The Bournemouth SO resumes its weekly series of livestreamed orchestral concerts with a programme of Schubert, Liadov and Shostakovich, conducted by Marta Gardolińska. Later in the month there’s Brahms’s Second Symphony from David Hill, and Kirill Karabits conducts works by Penderecki and Haydn.
Livestreamed (£) from the Lighthouse, Poole, on 3, 10, 17 and 24 March, and each available on demand for 30 days.

London Symphony Orchestra

So far two filmed concerts have been confirmed for March in the LSO’s online spring season. There’s an Austro-Hungarian programme of Bartók’s Dance Suite, Ligeti’s Romanian Concerto and Haydn’s final symphony No 104 in D, the “London”, under John Eliot Gardiner on 4 March, and Simon Rattle conducts an all-Stravinsky programme including the Symphonies of Wind Instruments and the ballet score Orpheus.
4 March concert streamed free until 11 March, and afterwards available on demand (£); 7 March programme on the LSO’s YouTube channel.

Scottish Chamber Orchestra

The six concerts in the SCO’s spring season were filmed at Queen’s Hall, Edinburgh, and the Perth Concert Hall. Programmes range from piano quartets by Mozart and Fauré to percussion works by Dani Howard, Arvo Pärt, Louis Andriessen and Steve Reich; there are string octets by Prokofiev and Shostakovich, and wind music by Bacewicz and Kaprálová.
Streamed on the SCO’s YouTube and Facebook channels on 4, 11, 18 and 25 March; each available on demand for 30 days.

Sir Simon Rattle
Bavaria-bound … Sir Simon Rattle. Photograph: Jack Vartoogian/Getty Images

Bavarian Radio Symphony Orchestra

Simon Rattle makes his first appearances with the BRSO since he was announced as its next chief conductor.
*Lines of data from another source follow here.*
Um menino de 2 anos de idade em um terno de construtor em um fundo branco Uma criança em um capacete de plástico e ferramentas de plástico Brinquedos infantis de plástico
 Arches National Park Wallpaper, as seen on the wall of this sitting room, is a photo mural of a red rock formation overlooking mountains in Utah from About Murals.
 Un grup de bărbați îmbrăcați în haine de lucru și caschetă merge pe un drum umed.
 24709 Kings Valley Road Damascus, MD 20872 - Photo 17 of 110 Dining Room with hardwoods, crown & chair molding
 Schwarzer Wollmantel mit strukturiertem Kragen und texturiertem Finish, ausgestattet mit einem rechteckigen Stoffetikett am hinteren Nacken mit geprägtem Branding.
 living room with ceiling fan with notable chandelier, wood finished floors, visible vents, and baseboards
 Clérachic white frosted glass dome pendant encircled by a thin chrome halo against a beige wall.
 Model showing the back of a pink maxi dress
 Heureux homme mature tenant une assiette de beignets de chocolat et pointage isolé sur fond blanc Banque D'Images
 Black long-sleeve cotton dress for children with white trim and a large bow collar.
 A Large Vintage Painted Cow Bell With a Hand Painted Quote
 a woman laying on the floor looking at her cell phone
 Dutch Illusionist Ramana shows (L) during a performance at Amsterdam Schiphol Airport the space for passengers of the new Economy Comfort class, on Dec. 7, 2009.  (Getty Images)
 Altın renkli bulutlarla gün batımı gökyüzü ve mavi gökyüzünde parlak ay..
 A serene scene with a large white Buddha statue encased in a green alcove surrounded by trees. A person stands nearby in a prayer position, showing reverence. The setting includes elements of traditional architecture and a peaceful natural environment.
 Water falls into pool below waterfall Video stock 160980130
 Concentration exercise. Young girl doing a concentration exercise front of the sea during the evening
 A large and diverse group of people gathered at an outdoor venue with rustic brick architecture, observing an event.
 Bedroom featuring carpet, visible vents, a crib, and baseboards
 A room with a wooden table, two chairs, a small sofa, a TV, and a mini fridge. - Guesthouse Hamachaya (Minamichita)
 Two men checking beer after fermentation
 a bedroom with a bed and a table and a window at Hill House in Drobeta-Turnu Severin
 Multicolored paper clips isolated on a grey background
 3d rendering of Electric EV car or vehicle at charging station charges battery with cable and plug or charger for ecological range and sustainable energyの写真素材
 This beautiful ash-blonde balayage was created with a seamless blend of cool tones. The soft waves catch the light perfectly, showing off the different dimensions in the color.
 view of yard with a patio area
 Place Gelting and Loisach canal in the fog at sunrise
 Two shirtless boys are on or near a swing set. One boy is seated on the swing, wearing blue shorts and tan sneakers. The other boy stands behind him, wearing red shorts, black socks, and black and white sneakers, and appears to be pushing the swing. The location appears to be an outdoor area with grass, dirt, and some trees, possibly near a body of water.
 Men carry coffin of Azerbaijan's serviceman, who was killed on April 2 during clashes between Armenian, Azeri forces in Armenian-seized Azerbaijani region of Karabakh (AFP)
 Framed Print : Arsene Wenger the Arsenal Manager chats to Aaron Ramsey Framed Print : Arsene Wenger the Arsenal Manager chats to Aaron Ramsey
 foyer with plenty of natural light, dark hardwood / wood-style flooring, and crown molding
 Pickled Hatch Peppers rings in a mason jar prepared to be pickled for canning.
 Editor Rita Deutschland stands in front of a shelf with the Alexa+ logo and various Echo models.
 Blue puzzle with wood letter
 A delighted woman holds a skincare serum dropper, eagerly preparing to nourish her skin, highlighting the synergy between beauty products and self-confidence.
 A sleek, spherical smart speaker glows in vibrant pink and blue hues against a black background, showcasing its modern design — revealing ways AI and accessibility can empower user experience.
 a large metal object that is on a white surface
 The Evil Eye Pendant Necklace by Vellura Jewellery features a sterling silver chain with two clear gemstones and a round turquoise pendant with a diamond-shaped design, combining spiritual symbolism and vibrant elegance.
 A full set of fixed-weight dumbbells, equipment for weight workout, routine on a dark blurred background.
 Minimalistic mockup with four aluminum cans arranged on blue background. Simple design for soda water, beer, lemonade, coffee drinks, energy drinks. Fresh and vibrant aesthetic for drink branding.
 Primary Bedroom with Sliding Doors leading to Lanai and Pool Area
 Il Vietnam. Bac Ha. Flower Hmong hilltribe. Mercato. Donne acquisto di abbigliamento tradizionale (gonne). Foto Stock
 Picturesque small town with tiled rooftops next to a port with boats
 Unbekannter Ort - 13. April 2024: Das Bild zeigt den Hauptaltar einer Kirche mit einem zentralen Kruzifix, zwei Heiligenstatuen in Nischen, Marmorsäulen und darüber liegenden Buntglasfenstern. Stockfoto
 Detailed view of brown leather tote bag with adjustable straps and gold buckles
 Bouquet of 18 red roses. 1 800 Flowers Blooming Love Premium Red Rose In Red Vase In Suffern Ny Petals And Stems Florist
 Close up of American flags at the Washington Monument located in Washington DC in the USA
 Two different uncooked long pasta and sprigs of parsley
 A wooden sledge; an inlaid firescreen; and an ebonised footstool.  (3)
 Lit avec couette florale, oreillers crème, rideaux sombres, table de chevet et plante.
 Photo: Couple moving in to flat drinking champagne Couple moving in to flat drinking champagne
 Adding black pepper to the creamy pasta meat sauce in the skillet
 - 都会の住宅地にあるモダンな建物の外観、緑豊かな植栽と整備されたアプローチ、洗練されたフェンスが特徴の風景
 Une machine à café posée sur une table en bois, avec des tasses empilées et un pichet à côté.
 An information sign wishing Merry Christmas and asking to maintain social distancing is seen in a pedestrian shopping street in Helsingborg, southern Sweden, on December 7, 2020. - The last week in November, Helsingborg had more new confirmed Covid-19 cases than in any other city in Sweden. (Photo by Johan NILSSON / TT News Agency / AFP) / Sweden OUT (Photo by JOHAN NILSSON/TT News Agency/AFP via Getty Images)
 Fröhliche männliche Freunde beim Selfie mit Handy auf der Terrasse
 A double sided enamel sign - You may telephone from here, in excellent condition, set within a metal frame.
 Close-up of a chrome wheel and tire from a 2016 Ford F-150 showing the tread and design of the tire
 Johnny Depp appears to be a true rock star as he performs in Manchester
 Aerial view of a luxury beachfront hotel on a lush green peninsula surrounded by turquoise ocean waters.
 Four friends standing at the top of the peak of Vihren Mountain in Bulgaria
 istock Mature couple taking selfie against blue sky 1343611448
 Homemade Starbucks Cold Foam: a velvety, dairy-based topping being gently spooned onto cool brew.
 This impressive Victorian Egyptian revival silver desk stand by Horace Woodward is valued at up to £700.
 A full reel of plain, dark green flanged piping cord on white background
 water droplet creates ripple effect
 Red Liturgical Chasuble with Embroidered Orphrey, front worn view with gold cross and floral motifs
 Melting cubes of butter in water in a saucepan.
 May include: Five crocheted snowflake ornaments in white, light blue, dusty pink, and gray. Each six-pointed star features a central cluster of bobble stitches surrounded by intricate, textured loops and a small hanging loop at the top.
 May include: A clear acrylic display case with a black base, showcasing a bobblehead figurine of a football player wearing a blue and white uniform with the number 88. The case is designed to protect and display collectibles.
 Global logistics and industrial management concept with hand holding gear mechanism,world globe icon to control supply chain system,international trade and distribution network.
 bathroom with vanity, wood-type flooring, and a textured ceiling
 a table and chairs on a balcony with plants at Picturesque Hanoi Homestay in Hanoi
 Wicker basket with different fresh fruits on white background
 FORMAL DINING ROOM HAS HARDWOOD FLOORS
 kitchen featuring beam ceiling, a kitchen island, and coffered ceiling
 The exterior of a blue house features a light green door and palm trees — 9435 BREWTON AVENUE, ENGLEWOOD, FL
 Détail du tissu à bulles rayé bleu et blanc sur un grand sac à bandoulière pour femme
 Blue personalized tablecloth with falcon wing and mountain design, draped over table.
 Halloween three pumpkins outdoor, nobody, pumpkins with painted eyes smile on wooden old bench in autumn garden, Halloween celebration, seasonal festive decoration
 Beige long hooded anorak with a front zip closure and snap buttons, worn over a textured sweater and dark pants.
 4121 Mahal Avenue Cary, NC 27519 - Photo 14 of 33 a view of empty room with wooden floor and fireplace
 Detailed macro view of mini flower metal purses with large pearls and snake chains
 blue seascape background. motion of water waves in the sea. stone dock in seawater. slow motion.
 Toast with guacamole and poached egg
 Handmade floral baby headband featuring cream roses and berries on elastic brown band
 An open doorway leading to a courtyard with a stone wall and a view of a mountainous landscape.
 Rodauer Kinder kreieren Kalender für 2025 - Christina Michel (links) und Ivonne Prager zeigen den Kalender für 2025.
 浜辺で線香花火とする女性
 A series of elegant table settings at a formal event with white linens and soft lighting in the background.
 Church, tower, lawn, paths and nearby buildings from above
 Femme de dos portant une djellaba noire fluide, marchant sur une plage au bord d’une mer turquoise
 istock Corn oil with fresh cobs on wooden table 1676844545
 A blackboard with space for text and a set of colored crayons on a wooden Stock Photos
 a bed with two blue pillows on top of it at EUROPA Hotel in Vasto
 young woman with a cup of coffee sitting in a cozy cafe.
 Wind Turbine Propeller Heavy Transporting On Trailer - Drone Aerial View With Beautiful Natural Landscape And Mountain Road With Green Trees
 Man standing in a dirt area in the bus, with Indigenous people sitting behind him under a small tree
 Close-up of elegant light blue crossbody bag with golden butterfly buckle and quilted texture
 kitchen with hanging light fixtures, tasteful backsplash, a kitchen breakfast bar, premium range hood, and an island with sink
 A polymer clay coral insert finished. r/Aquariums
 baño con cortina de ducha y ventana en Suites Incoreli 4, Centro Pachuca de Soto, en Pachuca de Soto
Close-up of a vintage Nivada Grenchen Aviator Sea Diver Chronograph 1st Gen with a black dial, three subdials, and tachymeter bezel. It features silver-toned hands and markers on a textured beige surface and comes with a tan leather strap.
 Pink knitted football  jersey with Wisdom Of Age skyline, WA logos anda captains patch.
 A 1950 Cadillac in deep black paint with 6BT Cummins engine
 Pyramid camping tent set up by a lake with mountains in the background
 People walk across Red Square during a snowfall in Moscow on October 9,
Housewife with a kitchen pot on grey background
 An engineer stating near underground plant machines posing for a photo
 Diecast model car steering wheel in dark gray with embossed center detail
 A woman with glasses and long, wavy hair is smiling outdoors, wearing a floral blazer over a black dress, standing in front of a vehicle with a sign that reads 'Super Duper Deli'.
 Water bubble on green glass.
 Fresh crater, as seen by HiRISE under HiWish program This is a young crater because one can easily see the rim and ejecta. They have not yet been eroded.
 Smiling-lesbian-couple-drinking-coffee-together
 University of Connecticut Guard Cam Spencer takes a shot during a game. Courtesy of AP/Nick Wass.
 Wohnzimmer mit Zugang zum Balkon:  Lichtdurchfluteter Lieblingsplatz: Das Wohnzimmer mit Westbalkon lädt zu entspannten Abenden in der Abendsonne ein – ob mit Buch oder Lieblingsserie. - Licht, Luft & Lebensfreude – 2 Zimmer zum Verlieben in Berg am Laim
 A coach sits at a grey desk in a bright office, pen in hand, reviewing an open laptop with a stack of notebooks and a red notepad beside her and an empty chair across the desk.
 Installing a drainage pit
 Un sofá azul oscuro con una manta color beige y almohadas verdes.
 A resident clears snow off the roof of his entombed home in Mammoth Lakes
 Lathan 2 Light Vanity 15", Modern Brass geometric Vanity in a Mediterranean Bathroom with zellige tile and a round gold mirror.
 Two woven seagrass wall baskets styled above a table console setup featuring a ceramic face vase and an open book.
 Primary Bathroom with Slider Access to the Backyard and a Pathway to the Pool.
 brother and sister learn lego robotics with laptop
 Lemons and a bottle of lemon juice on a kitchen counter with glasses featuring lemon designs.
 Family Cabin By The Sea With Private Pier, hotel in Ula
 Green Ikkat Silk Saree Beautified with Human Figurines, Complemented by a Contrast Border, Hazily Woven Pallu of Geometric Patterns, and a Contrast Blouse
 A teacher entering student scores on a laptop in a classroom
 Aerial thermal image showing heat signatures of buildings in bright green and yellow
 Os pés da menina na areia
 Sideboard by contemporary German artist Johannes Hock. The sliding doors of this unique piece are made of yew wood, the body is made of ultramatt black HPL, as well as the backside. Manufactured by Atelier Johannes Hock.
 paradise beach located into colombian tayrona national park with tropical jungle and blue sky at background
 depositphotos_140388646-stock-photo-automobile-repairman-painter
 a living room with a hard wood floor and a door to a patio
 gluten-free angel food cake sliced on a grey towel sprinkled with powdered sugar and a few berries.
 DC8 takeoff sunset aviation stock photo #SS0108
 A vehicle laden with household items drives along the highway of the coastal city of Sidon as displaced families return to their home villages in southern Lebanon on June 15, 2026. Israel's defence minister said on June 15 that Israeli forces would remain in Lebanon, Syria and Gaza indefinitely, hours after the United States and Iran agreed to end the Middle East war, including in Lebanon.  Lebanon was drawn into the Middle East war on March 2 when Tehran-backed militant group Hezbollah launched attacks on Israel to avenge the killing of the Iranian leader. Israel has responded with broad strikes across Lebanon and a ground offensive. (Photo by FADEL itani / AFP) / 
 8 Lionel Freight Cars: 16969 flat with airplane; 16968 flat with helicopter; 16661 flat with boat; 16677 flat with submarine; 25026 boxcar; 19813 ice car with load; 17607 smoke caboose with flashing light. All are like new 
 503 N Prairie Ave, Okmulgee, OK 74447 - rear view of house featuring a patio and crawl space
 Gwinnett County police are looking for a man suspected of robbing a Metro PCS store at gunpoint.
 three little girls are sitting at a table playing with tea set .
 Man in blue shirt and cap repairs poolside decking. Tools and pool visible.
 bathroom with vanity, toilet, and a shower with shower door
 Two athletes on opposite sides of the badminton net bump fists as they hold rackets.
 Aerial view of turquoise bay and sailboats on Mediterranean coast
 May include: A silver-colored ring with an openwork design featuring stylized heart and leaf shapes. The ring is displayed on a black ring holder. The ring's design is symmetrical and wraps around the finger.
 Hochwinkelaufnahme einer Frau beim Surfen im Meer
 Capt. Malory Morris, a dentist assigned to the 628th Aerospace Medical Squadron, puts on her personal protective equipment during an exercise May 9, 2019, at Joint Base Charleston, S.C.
On 6 March he conducts a two-part concert, the first part pairs the world premiere of Ondřej Adámek’s Where Are You, with Magdalena Kožená as the soloist, with Messiaen’s monumental Et Exspecto Resurrectionem Mortuorum, and the second prefaces Georg Friedrich Haas’s In Vain with Purcell’s Funeral Music for Queen Mary. In Rattle’s second concert Stravinsky’s Symphonies of Wind Instruments is flanked by Brahms and Haydn.
Streamed live from Munich, 6 and 12 March, and available on demand afterwards.

Academy of St Martin in the Fields

Bach, MacMillan and Brahms launch the ASMF’s spring season: Bach’s sixth Brandenburg Concerto and Brahms’s Serenade No 2 frame James MacMillan’s wind quintet Untold. Further concerts are planned from April to August.
Streamed from 11 March, then available on demand (£) until 10 April.